The decision to review the statutory duty on local authorities to address child poverty also seems at odds with the end goal of the Act. The report says government wants ‘to make sure… they strike the right balance between giving local authorities the freedom … to get things done, whilst protecting the most vulnerable’.
Another flaw in the strategy is the failure to properly address issues around existing poverty measurements. Many poverty campaigners argue that the current measures aren’t properly reflective and need reforming. The government’s strategy mentions the importance of measuring severe poverty and including life chance indicators, but fails to develop the idea.

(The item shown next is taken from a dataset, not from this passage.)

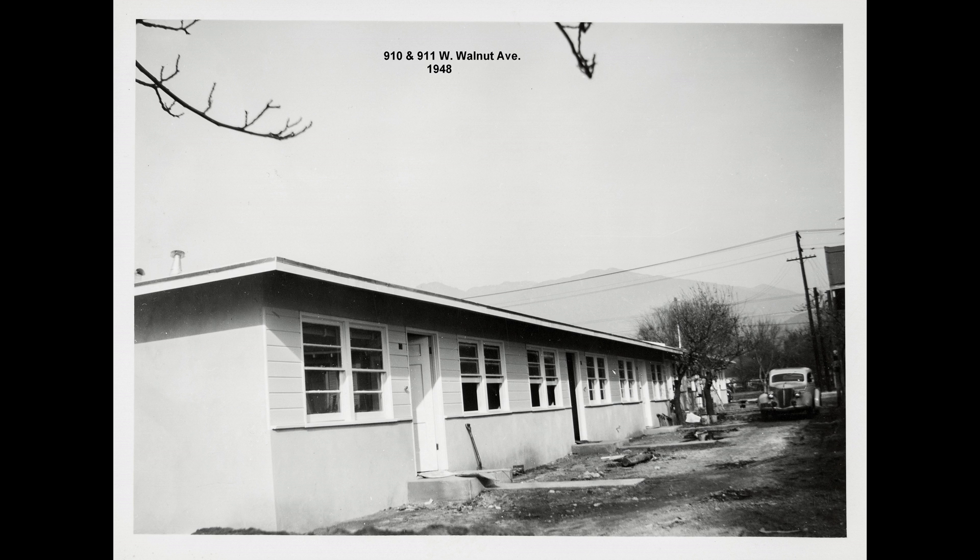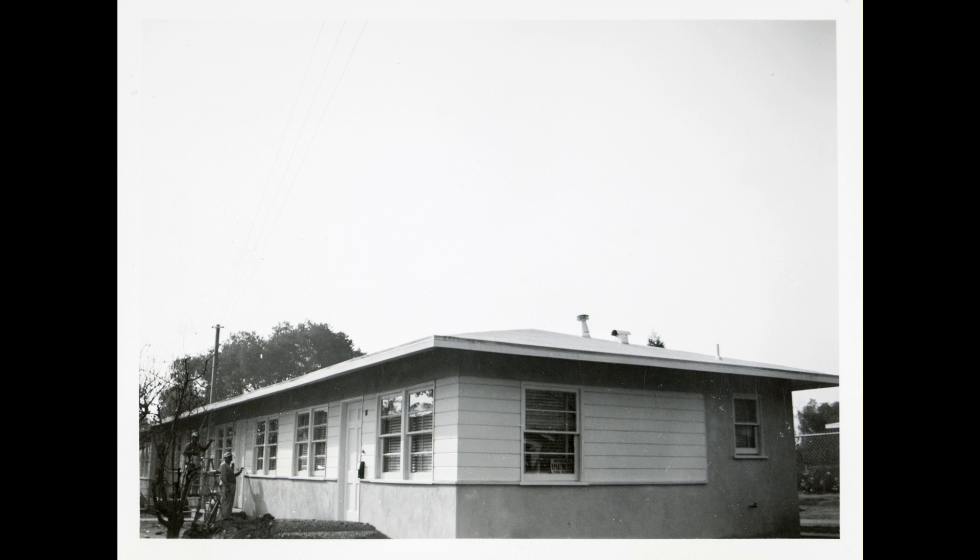At times during our session, Grandpa showed pictures of three places he built in Monrovia in 1948 and 1949. This one is of a multi-unit on West Walnut Avenue, just completing construction in 1948.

Kristian Niemietz, from the Institute of Economic Affairs, argues that policies shaped around the existing measurement, households with an equivalised income less than 60% of the median income, do not work. In a recession, for example, if average incomes fall, then poverty falls, even though living standards among the poor might have gotten worse.
Instead we should update Rowntree’s method and create a consensual poverty line based on necessities needed to subsist, pegged to the cost of purchasing these items. Niemietz argues that this would enable the government to use supply-side policies to stimulate competition in industries such as utilities creating cheaper, more affordable goods and services, in turn reducing material deprivation.
Of course it will take more than markets to reduce the number of poor children in Britain; better education, flexible employment opportunities and more skills-based jobs training are just some ways the state can stop poor children becoming poor adults.
The government would do well to take seriously its commitment to child poverty; children should not be condemned to penury in today’s Britain. Rowntree was right to conclude that, ‘however difficult the path of social progress may be, a way of advance will open out before patient and penetrating thought if inspired by a true human sympathy.’